Still, there are several good reasons to think that even relatively flawed automated quality metrics could serve an important purpose. First, many of the problems could be overcome to some extent through aggregation. You might not want to conclude that a particular study was poorly done simply because most of the reported p values were very close to .05; but if you were look at a researcher’s entire body of, say, thirty or forty published articles, and noticed the same trend relative to other researchers, you might start to wonder. Similarly, we could think about composite metrics that combine many different first-order metrics to generate a summary estimate of a paper’s quality that may not be so susceptible to contextual factors or noise. For instance, in the case of the Bem ESP article, a measure that took into account the variance in sample size across studies, the closeness of the reported p values to .05, the mention of terms like ‘one-tailed test’, and so on, would likely not have assigned Bem’s article a glowing score, even if each individual component of the measure was not very reliable.

Second, I’m not suggesting that crude automated metrics would replace current evaluation practices; rather, they’d be used strictly as a complement. Essentially, you’d have some additional numbers to look at, and you could choose to use them or not, as you saw fit, when evaluating a paper. If nothing else, they could help flag potential issues that reviewers might not be spontaneously attuned to. For instance, a report might note the fact that the term “interaction” was used several times in a paper in the absence of “main effect,” which might then cue a reviewer to ask, hey, why you no report main effects? — but only if they deemed it a relevant concern after looking at the issue more closely.

Third, automated metrics could be continually updated and improved using machine learning techniques. Given some criterion measure of research quality, one could systematically train and refine an algorithm capable of doing a decent job recapturing that criterion. Of course, it’s not clear that we really have any unobjectionable standard to use as a criterion in this kind of training exercise (which only underscores why it’s important to come up with better ways to evaluate scientific research). But a reasonable starting point might be to try to predict replication likelihood for a small set of well-studied effects based on the features of the original report. Could you for instance show, in an automated way, that initial effects reported in studies that failed to correct for multiple comparisons or reported p values closer to .05 were less likely to be subsequently replicated?

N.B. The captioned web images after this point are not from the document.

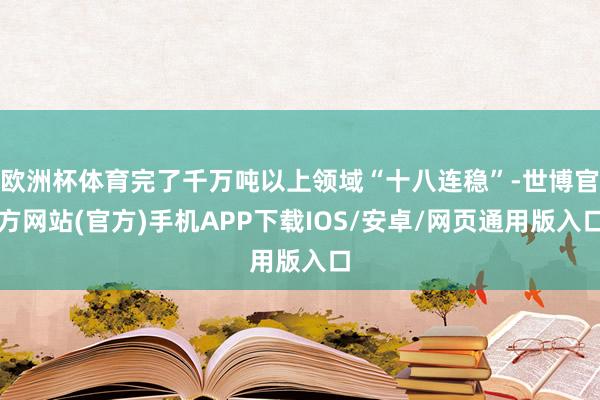 欧洲杯体育完了千万吨以上领域“十八连稳”-世博官方网站(官方)手机APP下载IOS/安卓/网页通用版入口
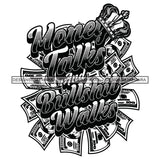 Money Talks Quote Market Financial Business Investment Illustration B/W SVG JPG PNG Vector Clipart Cricut Silhouette Cut Cutting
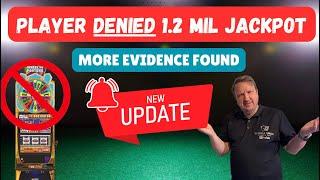 NEW UPDATE!  Slot Player DENIED $1.2 Million Jackpot Due to Malfunction - More Evidence Found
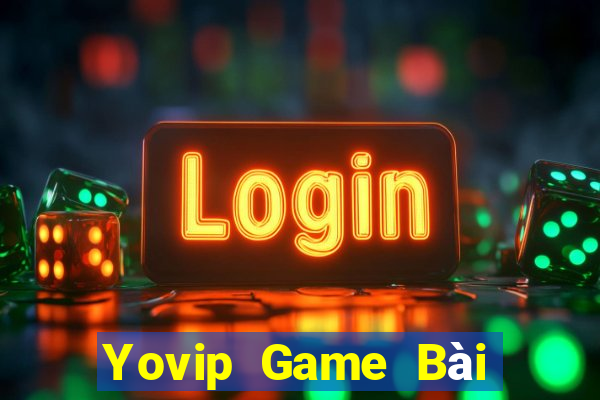 Yovip Game Bài Nhiều Người Chơi Nhất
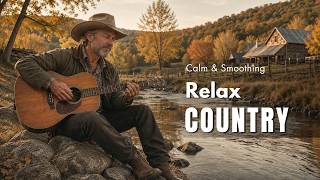 【Country Relax 392】 Unwind with Country / The Perfect Cozy Escape 🛋️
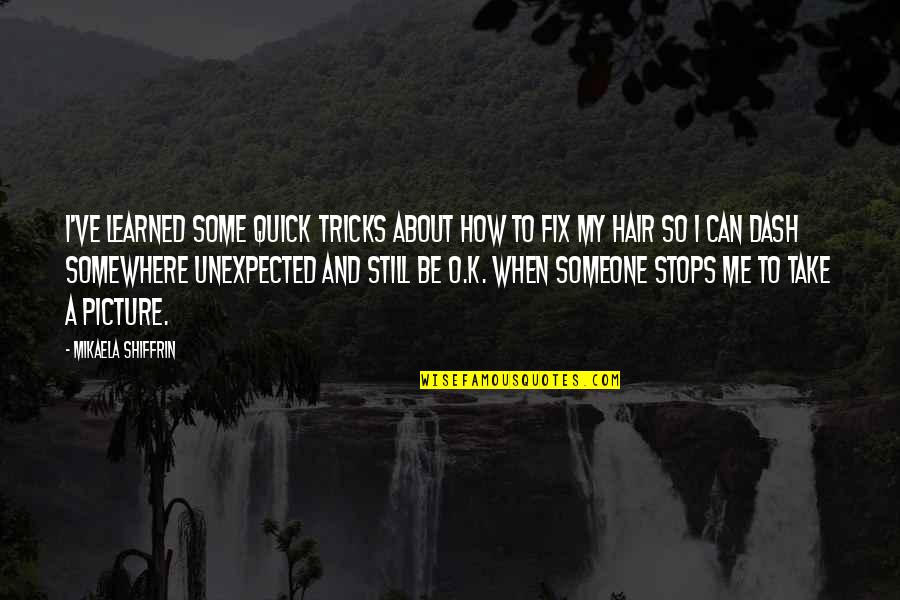 Trethowans Dairy Quotes By Mikaela Shiffrin: I've learned some quick tricks about how to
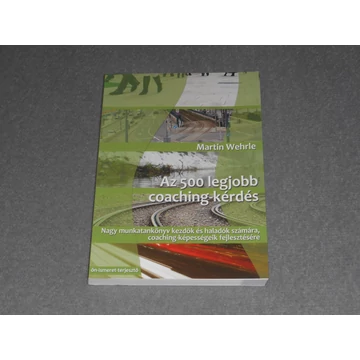 Martin Wehrle - Az 500 legjobb coaching kérdés - Nagy munkatankönyv kezdők és haladók számára 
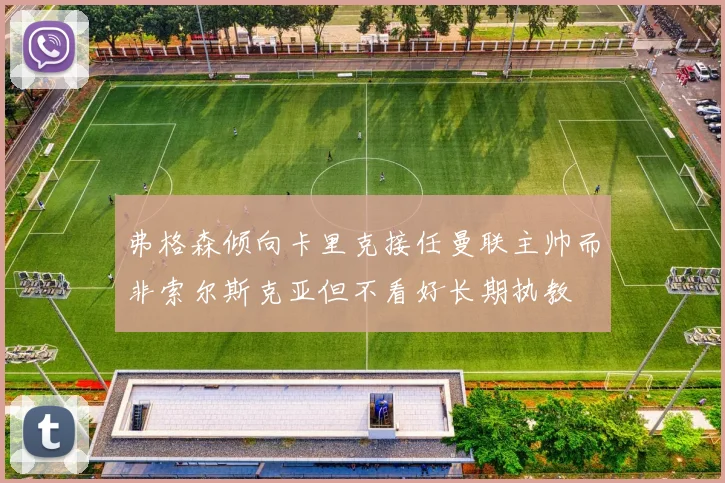 弗格森倾向卡里克接任曼联主帅而非索尔斯克亚但不看好长期执教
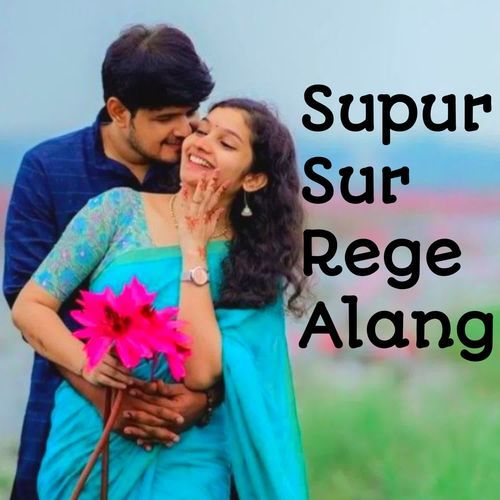 Supur Sur Rege Alang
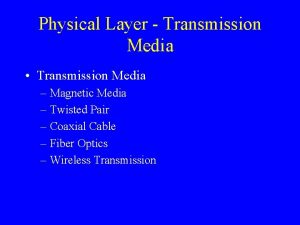 Physical Layer Transmission Media Transmission Media Magnetic Media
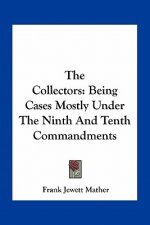 The Collectors: Being Cases Mostly Under the Ninth and Tenth Commandments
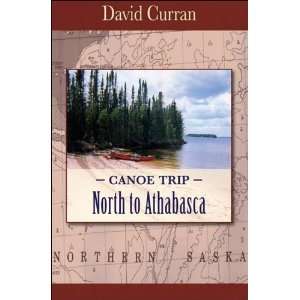    Canoe Trip North to Athabasca [Paperback] David Curran Books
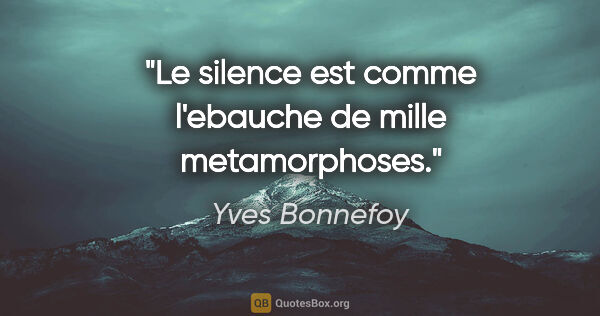 Yves Bonnefoy citation: "Le silence est comme l'ebauche de mille metamorphoses."
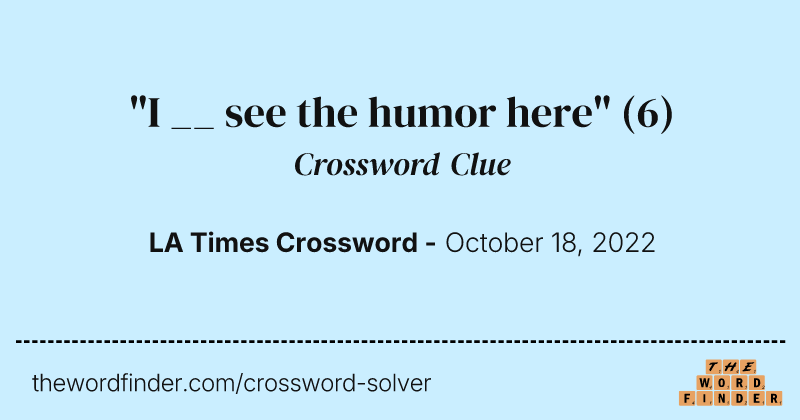 "I __ see the humor here" crossword clue image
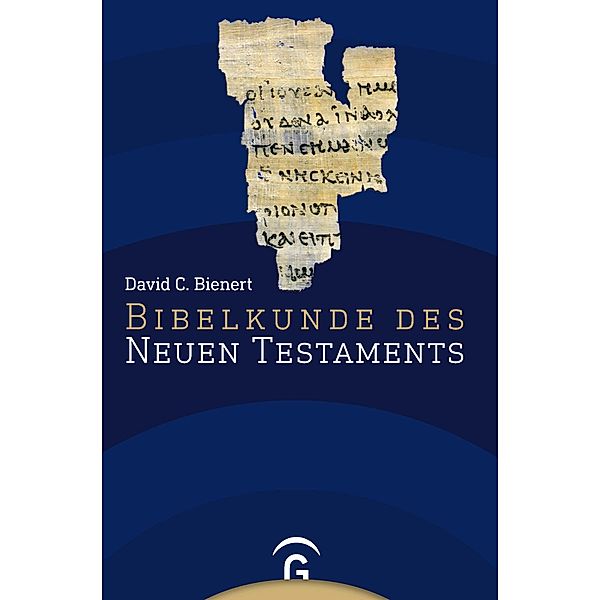 Bibelkunde des Neuen Testaments, David C. Bienert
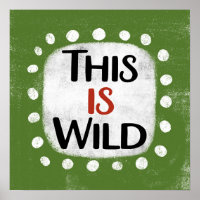 This Is Wild Poster Wall Art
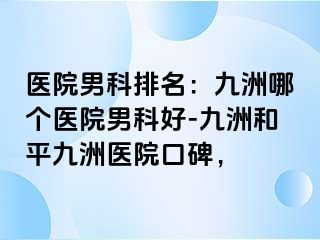 医院男科排名：九洲哪个医院男科好-九洲和平九洲医院口碑，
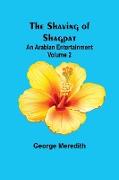 The Shaving of Shagpat, an Arabian entertainment - Volume 2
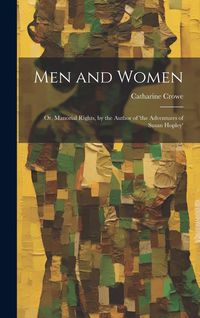 Produktbild: Men and Women: Or, Manorial Rights, by the Author of 'the Adventures of Susan Hopley'
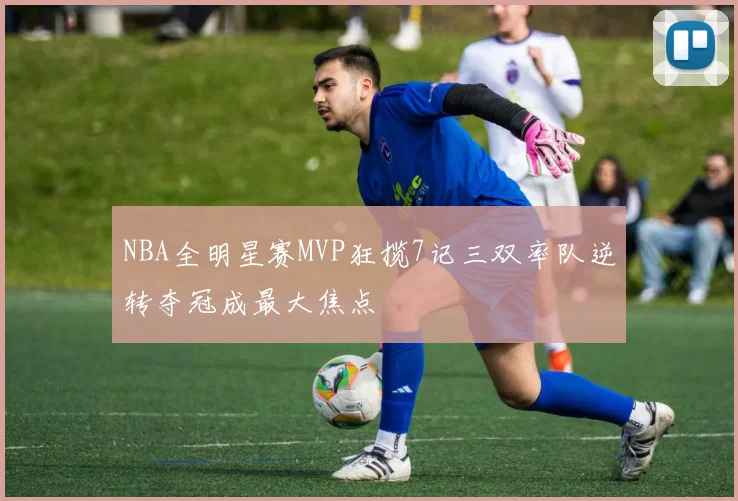 NBA全明星赛MVP狂揽7记三双率队逆转夺冠成最大焦点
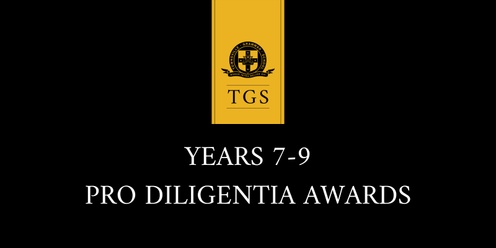 Years 7-9 Pro Diligentia Awards Ceremony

Of course, as always with this kind of stuff, the rub is that it’s easy to talk the talk and not so easy to walk the walk. In principle, we can make up all sorts of clever metrics, but in practice, it’s not trivial to automatically extract even a piece of information as seemingly simple as sample size from many papers (consider the difference between “Undergraduates (N = 15) participated…” and “Forty-two individuals diagnosed with depression and an equal number of healthy controls took part…”), let alone build sophisticated composite measures that could reasonably well approximate human judgments. It’s all well and good to write long blog posts about how fancy automated metrics could help separate good research from bad, but I’m pretty sure I don’t want to actually do any work to develop them, and you probably don’t either. Still, the potential benefits are clear, and it’s not like this is science fiction–it’s clearly viable on at least a modest scale. So someone should do it… Maybe Elsevier? Jorge Hirsch? Anyone? Bueller? Bueller?